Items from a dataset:

---*---

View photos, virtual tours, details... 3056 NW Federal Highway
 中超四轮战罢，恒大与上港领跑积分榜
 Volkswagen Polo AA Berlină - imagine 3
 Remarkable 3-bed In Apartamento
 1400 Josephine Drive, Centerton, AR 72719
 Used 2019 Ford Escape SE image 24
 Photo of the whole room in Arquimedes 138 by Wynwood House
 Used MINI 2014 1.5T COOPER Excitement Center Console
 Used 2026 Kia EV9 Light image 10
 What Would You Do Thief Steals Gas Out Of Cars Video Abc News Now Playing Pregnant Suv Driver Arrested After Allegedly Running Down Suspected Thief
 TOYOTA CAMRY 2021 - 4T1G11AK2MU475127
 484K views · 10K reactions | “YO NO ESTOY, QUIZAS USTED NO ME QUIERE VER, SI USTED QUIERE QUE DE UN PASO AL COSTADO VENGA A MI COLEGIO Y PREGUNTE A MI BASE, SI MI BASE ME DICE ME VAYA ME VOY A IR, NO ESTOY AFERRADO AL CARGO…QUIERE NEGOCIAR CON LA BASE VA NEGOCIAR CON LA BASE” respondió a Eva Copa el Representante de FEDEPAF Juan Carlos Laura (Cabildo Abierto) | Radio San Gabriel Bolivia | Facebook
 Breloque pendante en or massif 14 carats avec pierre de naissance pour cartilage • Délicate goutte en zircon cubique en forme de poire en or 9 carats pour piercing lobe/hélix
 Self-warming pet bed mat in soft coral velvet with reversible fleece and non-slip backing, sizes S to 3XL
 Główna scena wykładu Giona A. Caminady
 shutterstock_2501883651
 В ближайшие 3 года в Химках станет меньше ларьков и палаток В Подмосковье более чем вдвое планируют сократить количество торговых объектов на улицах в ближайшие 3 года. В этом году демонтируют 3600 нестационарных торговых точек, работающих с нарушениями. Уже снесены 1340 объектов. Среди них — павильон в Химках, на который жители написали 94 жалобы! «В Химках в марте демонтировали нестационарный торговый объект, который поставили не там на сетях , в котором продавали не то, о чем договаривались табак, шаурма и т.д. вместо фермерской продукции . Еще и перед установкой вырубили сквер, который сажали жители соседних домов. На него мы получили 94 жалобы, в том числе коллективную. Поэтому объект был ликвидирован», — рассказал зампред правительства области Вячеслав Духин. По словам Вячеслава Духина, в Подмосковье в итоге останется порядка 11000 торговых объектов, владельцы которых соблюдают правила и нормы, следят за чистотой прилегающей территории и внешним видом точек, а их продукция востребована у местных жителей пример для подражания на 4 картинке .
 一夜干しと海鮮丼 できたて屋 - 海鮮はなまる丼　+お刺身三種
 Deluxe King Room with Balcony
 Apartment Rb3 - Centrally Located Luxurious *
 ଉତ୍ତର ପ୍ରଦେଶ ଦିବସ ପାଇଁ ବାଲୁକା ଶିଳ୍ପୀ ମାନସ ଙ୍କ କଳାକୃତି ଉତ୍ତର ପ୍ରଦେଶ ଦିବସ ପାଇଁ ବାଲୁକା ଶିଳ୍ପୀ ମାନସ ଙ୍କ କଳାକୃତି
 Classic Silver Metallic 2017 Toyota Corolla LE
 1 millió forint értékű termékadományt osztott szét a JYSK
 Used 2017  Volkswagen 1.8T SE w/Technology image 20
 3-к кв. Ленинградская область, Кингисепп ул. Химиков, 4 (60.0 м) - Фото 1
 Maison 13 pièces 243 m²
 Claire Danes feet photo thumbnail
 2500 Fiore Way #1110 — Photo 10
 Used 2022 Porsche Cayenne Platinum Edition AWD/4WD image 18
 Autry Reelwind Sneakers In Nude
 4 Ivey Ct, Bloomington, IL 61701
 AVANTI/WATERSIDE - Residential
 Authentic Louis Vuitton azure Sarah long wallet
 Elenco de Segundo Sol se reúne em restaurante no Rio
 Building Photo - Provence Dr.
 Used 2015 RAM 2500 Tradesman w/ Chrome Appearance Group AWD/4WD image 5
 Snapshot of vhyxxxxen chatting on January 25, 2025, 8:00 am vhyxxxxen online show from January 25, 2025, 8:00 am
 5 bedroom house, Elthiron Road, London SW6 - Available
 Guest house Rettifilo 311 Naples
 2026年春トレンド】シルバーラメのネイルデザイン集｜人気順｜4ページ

---*---

Exercise requirements: Starting from the line containing "w/Technology image 20" and ending with the final line of the data, reproduce each line exactly as it appears, including no other lines.

Response to this task:
 Used 2017  Volkswagen 1.8T SE w/Technology image 20
 3-к кв. Ленинградская область, Кингисепп ул. Химиков, 4 (60.0 м) - Фото 1
 Maison 13 pièces 243 m²
 Claire Danes feet photo thumbnail
 2500 Fiore Way #1110 — Photo 10
 Used 2022 Porsche Cayenne Platinum Edition AWD/4WD image 18
 Autry Reelwind Sneakers In Nude
 4 Ivey Ct, Bloomington, IL 61701
 AVANTI/WATERSIDE - Residential
 Authentic Louis Vuitton azure Sarah long wallet
 Elenco de Segundo Sol se reúne em restaurante no Rio
 Building Photo - Provence Dr.
 Used 2015 RAM 2500 Tradesman w/ Chrome Appearance Group AWD/4WD image 5
 Snapshot of vhyxxxxen chatting on January 25, 2025, 8:00 am vhyxxxxen online show from January 25, 2025, 8:00 am
 5 bedroom house, Elthiron Road, London SW6 - Available
 Guest house Rettifilo 311 Naples
 2026年春トレンド】シルバーラメのネイルデザイン集｜人気順｜4ページ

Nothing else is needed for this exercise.